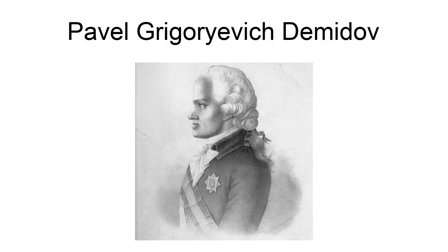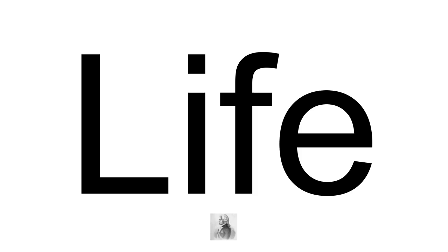He was from the Demidov family. A grandson of Nikita Demidov, he created the Mineralogical Museum in Moscow in 1775.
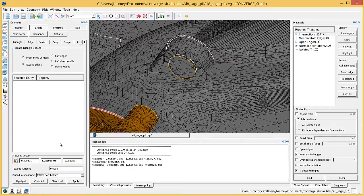The new thin ring of port triangles will change size as the intake valve moves, but none of the intake port triangles will otherwise deform and none of their normal vectors will change direction. Next, you need to recreate the valve stem.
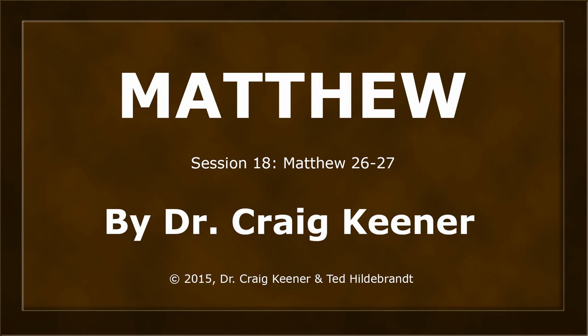This is Dr. Craig Keener in his teaching on the book of Matthew. This is session number 18 Matthew chapter 26 through 27.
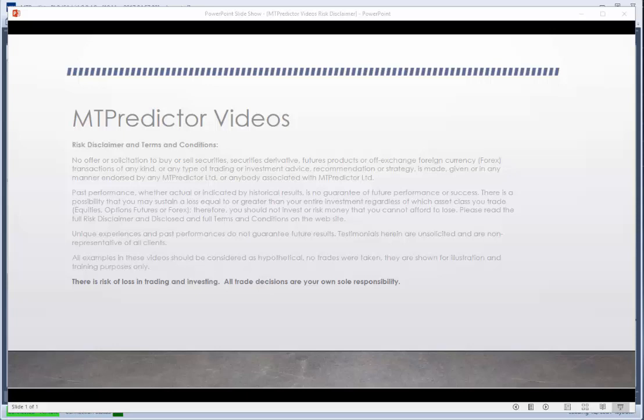Hello everybody, Steve Griffiths here, developer of the MT Predictor software program. In today's MT Predictor video, I'd like to have a look at some setups that have been unfolding today, which is May 10th on the Indian markets.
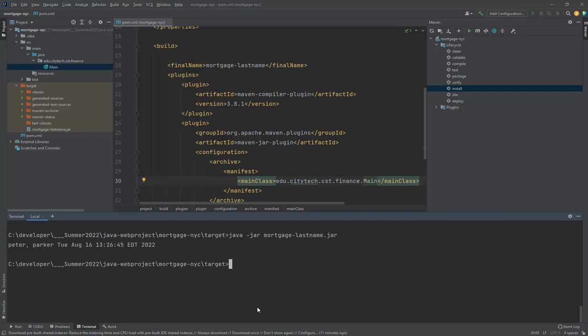Let's do a Java-JAR mortgage. Run that. And you can see now because I added this main class it knew to execute this portion right here.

__Directions for this task__. Please output, exactly and with no pictures, only the lines from the one containing "Hello everybody, Steve" through the final line of the records above.

__Written solution__.
Hello everybody, Steve Griffiths here, developer of the MT Predictor software program. In today's MT Predictor video, I'd like to have a look at some setups that have been unfolding today, which is May 10th on the Indian markets.
Let's do a Java-JAR mortgage. Run that. And you can see now because I added this main class it knew to execute this portion right here.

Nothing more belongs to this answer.